● Brief
Return the entries below verbatim. Pictures stay out.

● Source material
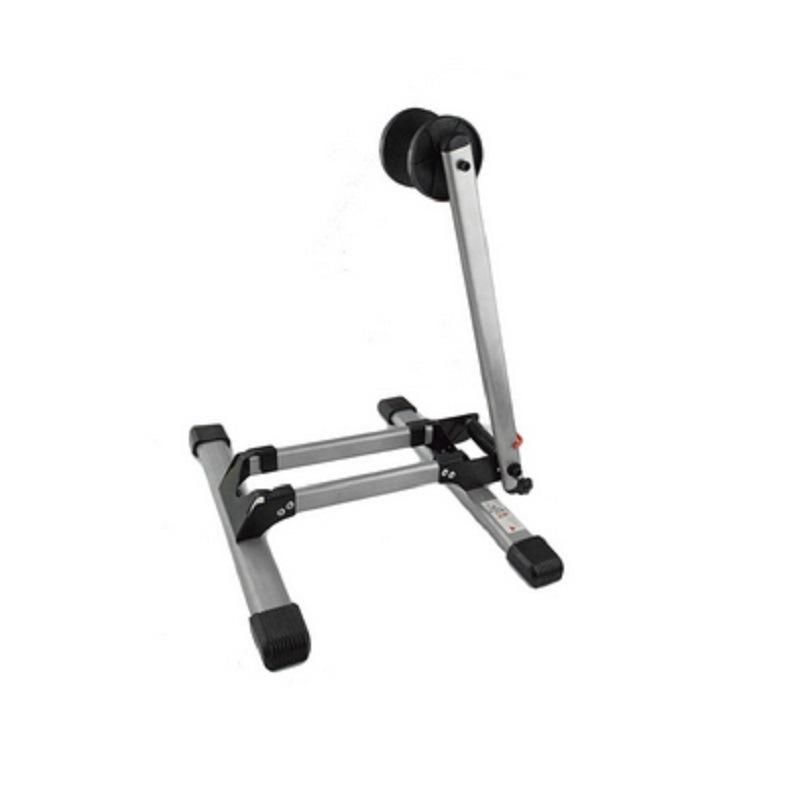 Bicycle Parts Alloy Bike Storage Stand Displcy Rack (HDS-012)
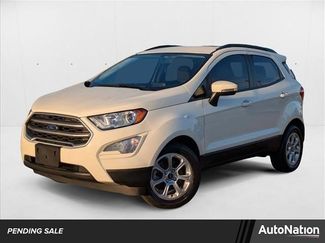 Used 2021 Ford EcoSport SE image 1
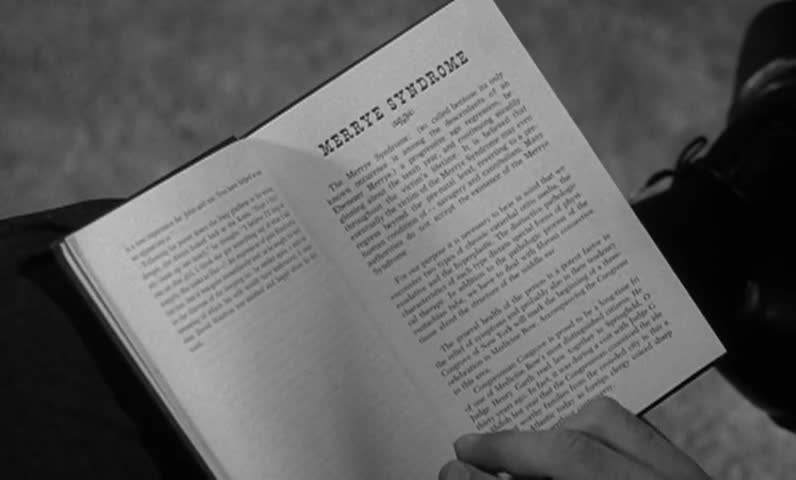 Movies - Spider Baby - 1967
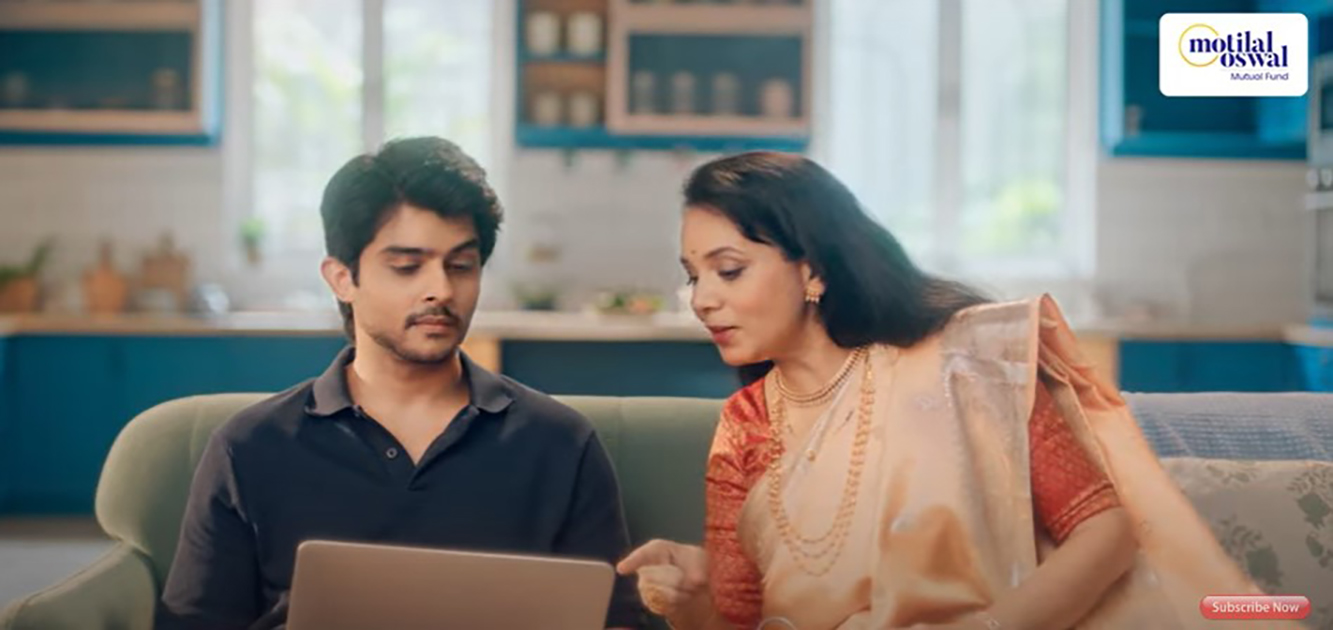 Motilal Oswal Mutual Fund connects festive traditions with SIPs in new film
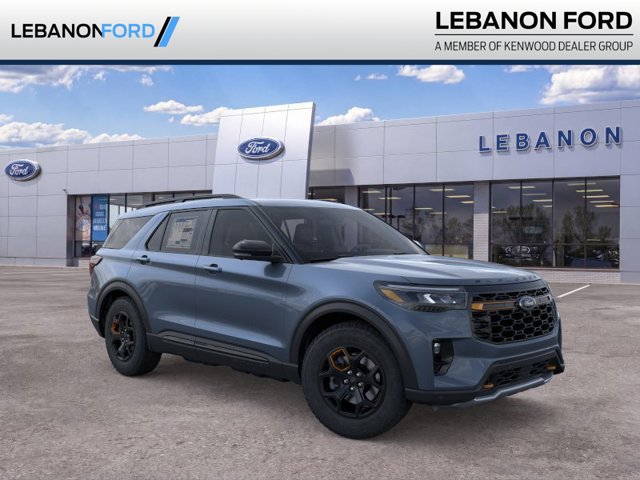  Ford Explorer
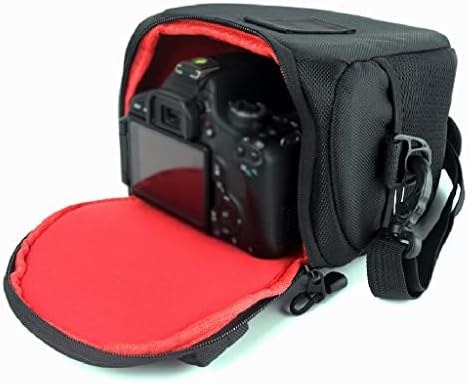 CLGZS SLR kamera çantası Fotoğraf Çantası omuzdan askili çanta Depolama omuzdan askili çanta Omuz Çapraz Dijital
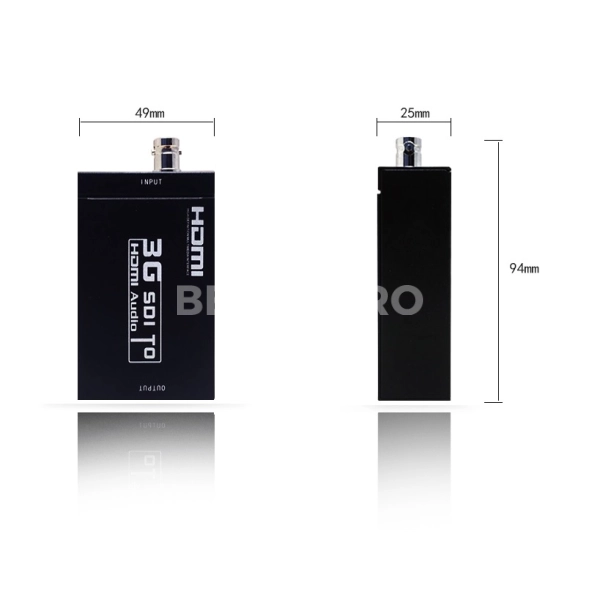 Конвертер SDI (F) -> HDMI (F)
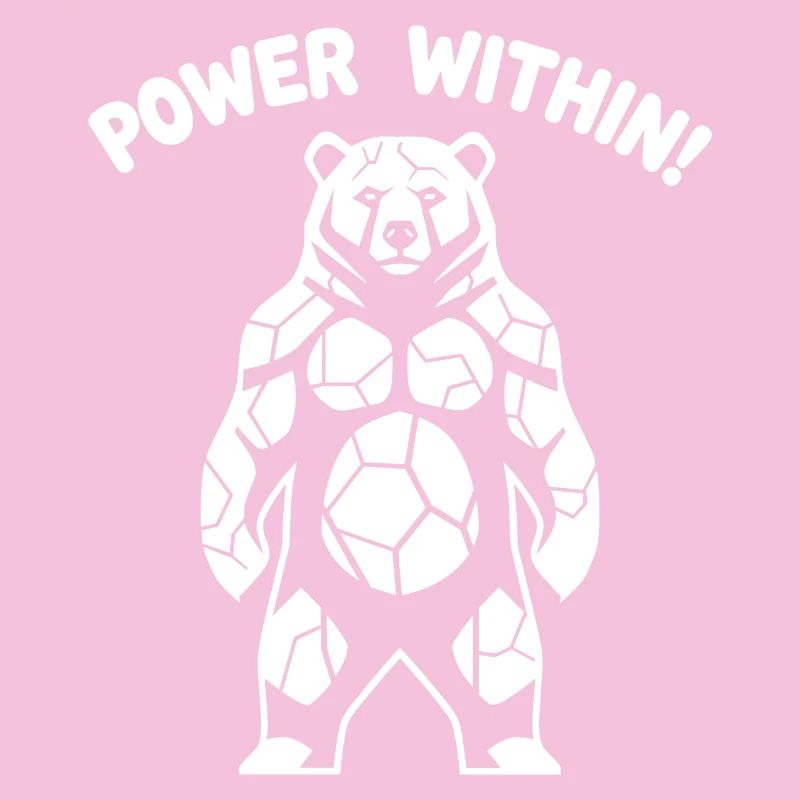 Power Within: Stein Gorilla Kraft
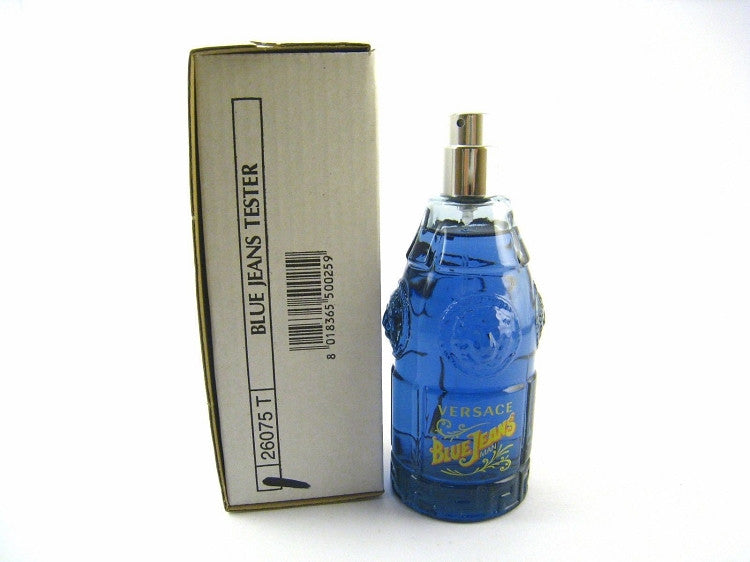 Blue Jeans for Men by Versace EDT Spray 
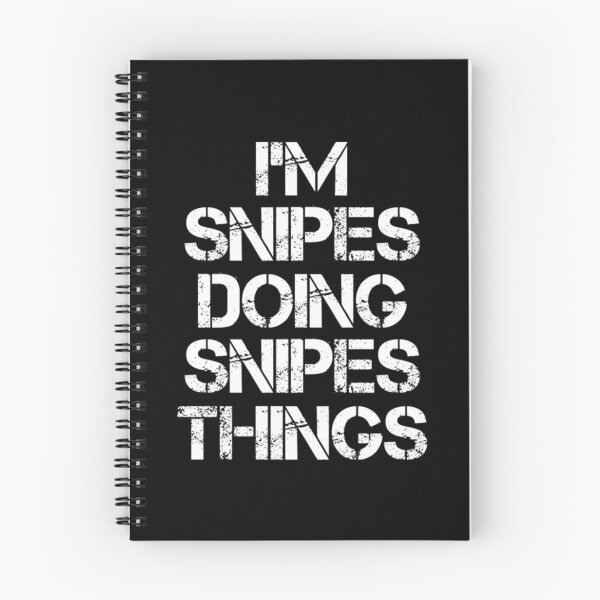 Item preview, Snipes T-ShirtSnipes Name T Shirt - Snipes Doing Snipes Things T-Shirt designed and sold by AmeliaDaralis.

● Problem solution
 Bicycle Parts Alloy Bike Storage Stand Displcy Rack (HDS-012)
 Used 2021 Ford EcoSport SE image 1
 Movies - Spider Baby - 1967
 Motilal Oswal Mutual Fund connects festive traditions with SIPs in new film
  Ford Explorer
 CLGZS SLR kamera çantası Fotoğraf Çantası omuzdan askili çanta Depolama omuzdan askili çanta Omuz Çapraz Dijital
 Конвертер SDI (F) -> HDMI (F)
 Power Within: Stein Gorilla Kraft
 Blue Jeans for Men by Versace EDT Spray 
 Item preview, Snipes T-ShirtSnipes Name T Shirt - Snipes Doing Snipes Things T-Shirt designed and sold by AmeliaDaralis.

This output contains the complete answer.